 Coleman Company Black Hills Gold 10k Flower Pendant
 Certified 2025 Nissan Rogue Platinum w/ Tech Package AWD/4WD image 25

* * *

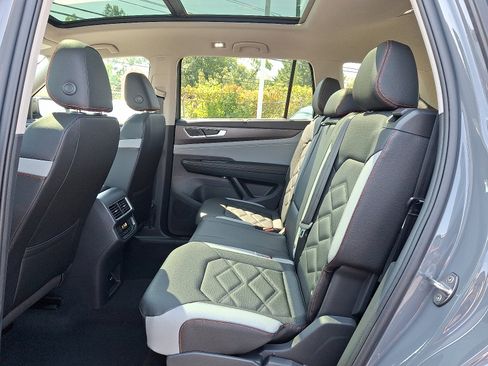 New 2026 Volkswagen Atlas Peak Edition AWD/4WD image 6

...

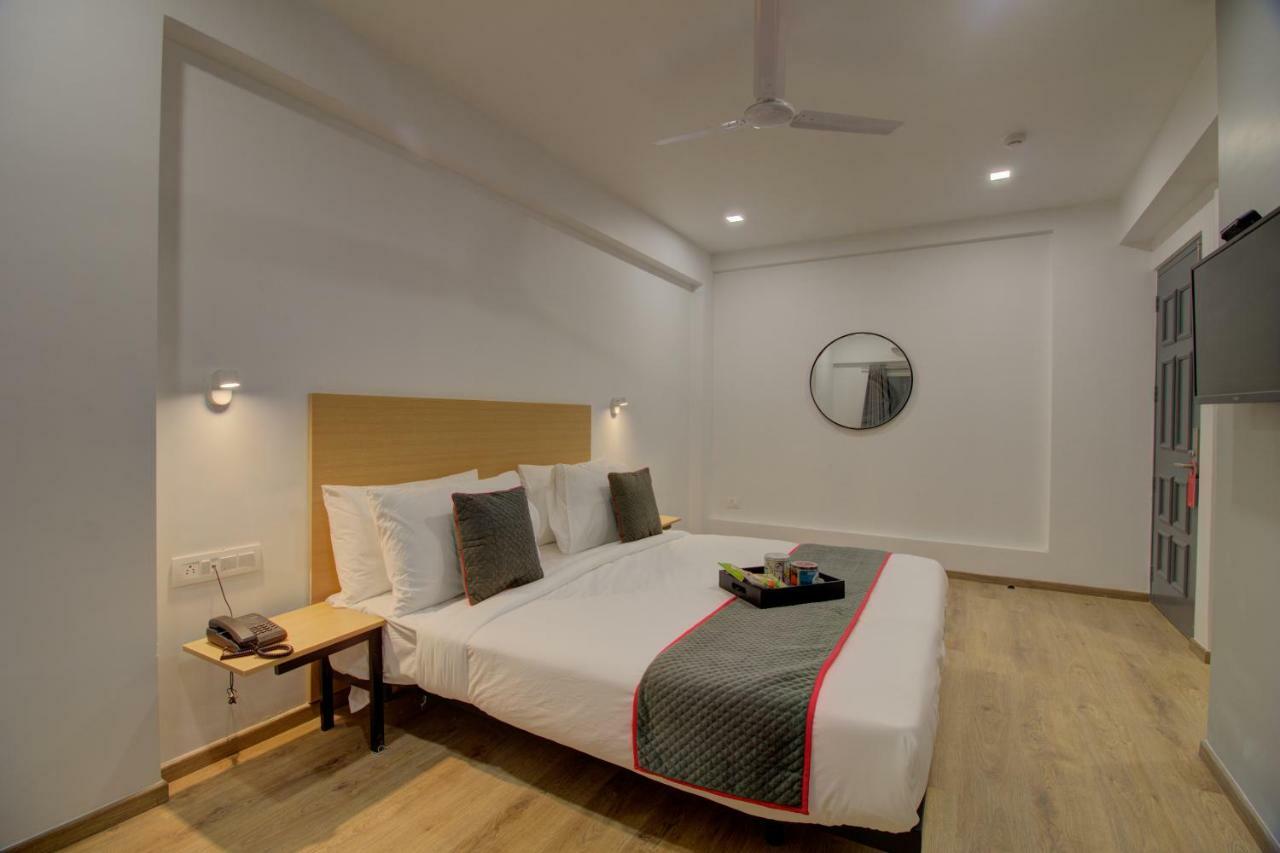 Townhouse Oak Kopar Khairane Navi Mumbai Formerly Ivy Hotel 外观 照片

Exercise prompt
Both end lines included, restate word for word the lines above from the line with "Coleman Company Black" to the line with "Certified 2025 Nissan", and nothing else.

Answer below
 Coleman Company Black Hills Gold 10k Flower Pendant
 Certified 2025 Nissan Rogue Platinum w/ Tech Package AWD/4WD image 25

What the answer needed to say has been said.